On the Wayne High School wrestling team, he defeated opponents who outweighed him by 100 pounds.

And in 2004, with one engine down and their plane heavily damaged by enemy fire, Pentico and his crew safely landed a C-130. All 58 people on board survived.

But on March 31, his luck ran out.

Staff Sgt. Patrick Pentico's plane crashed in Albania's Drizez Mountains on Thursday, killing all nine Americans aboard. The crew was flying the C-130 Combat Talon II in a joint training mission with the Albanian military, a spokesman for the Special Operations Command Europe said.

The cause of the crash is unknown. An investigation into the crash is expected to take several weeks, the military reported.

The airmen were assigned to the 7th Special Operations Squadron based at Royal Air Force Mildenhall in the United Kingdom.

"I extend my deepest sympathies to the families of these brave young airmen," said Army Brig. Gen. Thomas Csrnko, commander of Special Operations Command Europe. "We all share in your sorrow and pain of their loss. We will not forget their sacrifice, and we stand ready to support their families at this difficult time."

Pentico grew up in Hanksville, Wayne County, where he prowled the mountains on his motorbike.

He was a member of the powerful Wayne High School wrestling team throughout high school. The team won the state title every year from 1988-92. Pentico graduated in 1991.

Pentico was a big part of those wins, said his former coach, Kerry Anderson. Former teammate and close friend Greg Pace said he remembers how Pentico wrestled — and beat — opponents who, statistically speaking, should have beaten him.

"He wrestled heavyweight, and he was just 189 pounds. He wrestled kids that weighed 275 — just a lot bigger than him," said Pace. "He was just fearless. That's kinda the way he rode motorcycles and in everything else. Fearless."

Pentico's parents were in Europe on Tuesday to pick up Pentico's wife and were unavailable for comment.

Anderson said Pentico was a good student who always had a smile on his face.

Pentico and Pace graduated from Wayne High School in 1991. Although he was the quiet type, Pentico made friends easily.

"In our graduating class, I think there was like 38 kids, and I can't think of a single one of 'em that Patrick didn't get along with," Pace said. "He was such a happy person."

And Pentico never complained or bragged about his accomplishments, Pace said.

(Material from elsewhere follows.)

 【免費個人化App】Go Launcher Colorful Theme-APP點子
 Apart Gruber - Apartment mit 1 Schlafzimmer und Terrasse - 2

In 2004, the Airlift/Tanker Association awarded Pentico and his old crew the Gen. P.K. Carlton Award for Valor for safely landing a battle-damaged C-130. The plane was transporting special operations forces during a mission in the opening days of Operation Iraqi Freedom when it received heavy enemy fire.

During the mission, the plane took 19 hits from anti-aircraft artillery fire — one shell shattered the pilot's windscreen. The plane landed with three of the four engines operating and all 58 people on board were safely evacuated.

Pentico never told his old friend about the award.

"It sounds exactly like something he would do and not think anything of it," Pace said.